I, too, was greatly impacted by Ray. I've been kind of surprised that after this book he fell off the paleo radar, obviously by his own choice. One comment he made in his book I have had to embrace, after not wanting to believe it for years: No cheating...undoing the effects of cheating can take days or more for some people. Well, that's me - fall off the wagon on something like sweets and it can take a long time to climb back on.

Thanks for looking him up.

Scott W

.^ said...

That interview was so funny! (I mean that in a nice way) You asking two-paragraph questions and him answering with terse, single sentence answers.

Less is more I guess.

Anonymous said...

Thelemite = an adherent of occultist Aleister Crowley's system of Magick, Thelema.

Zach said...

Chris,
Yes, wow.

"Do not eat the fruit of the technology that makes edible the inedible"

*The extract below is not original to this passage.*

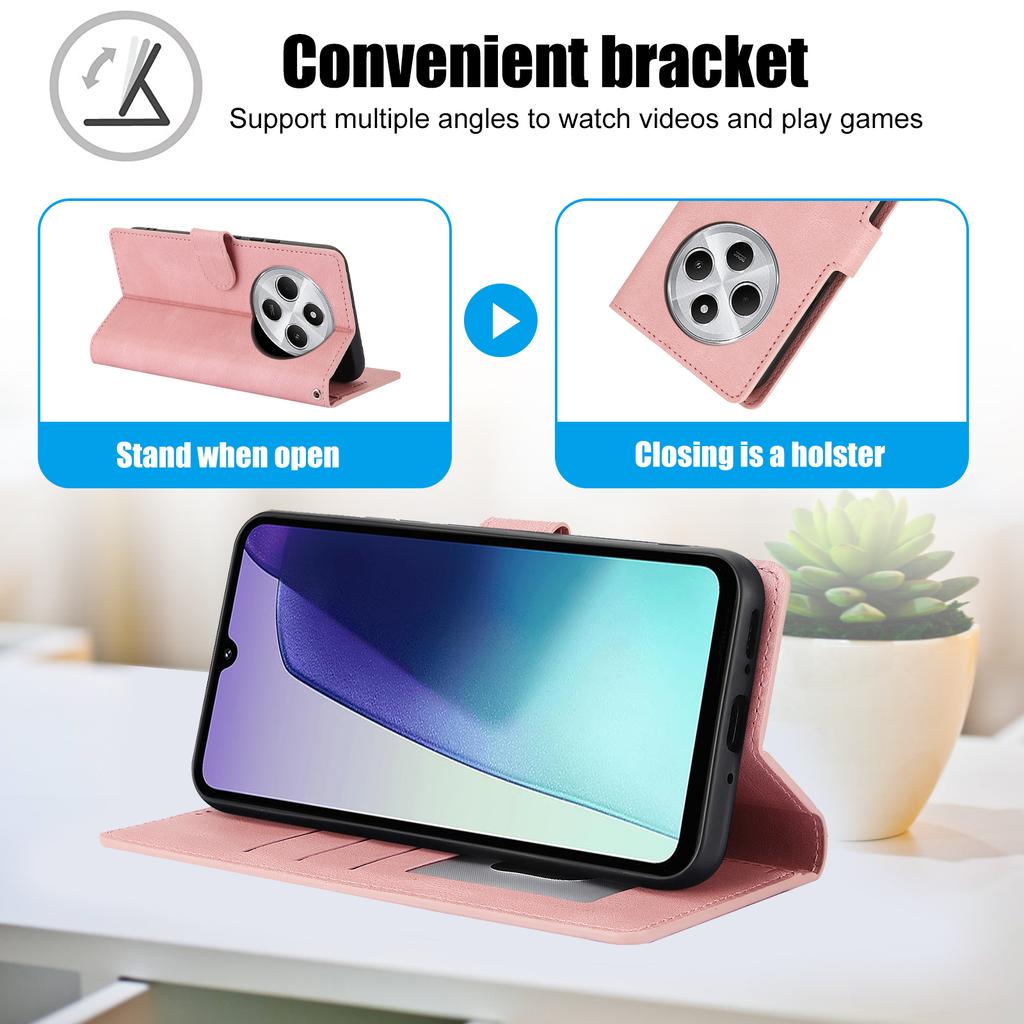 Чехол для Xiaomi Poco C75 4G/Redmi 14R 5G/14C 4G из ПУ кожи, чехол для телефона с кошельком, подставкой, окошком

I heard an interview of Richard Manning last year when he said that (paraphrasing here) if aliens (a la The Simpsons) were to have flown above the Earth ~10k years ago and watched the first humans making edible what was inedible (e.g., grains) they would have predicted that it was unsustainable at that moment. In other words, the downside of grain consumption (metabolic syndrome, environmental damage, overpopulation, etc.) could not NOT have happened.

That citation from Genesis using the modern vernacular is simply awesome. Please do allow me to cite it. Great interview, Chris.

Best Regards,
Zach

drew said...

Geez, he must have had a train to catch. You had great questions, as usual, but he really didn't give you much back.

Thanks for these interviews, they're great reads.

Unknown said...

From Witchita Falls, Tx. It has been a great pleasure to have met Ray this past Summer (2010). I have followed his Neanderthin Diet since then. I have fallen off the wagon several times. Type II Diabetes has its drawbacks. But, when on the Neatherthin Diet, Blood Sugar stays normal 120 or lower without medication. Energy level is up and life is great. A 2 mile is easy, lifting weights is just as easy and enjoyable. For a 65 year old, I'd say, "Get with the Neanderthin Diet and exercise". Meeting Ray has changed by life in a positive way.
I'm looking forward to his next book.

Susan said...

I treasure Ray's book too. I'm curious, though, and apologize if I missed it, did he say anything about his current health? I wonder if he was able to turn away the rheumatoid arthritis for life - which has been my goal since going paleo a year ago.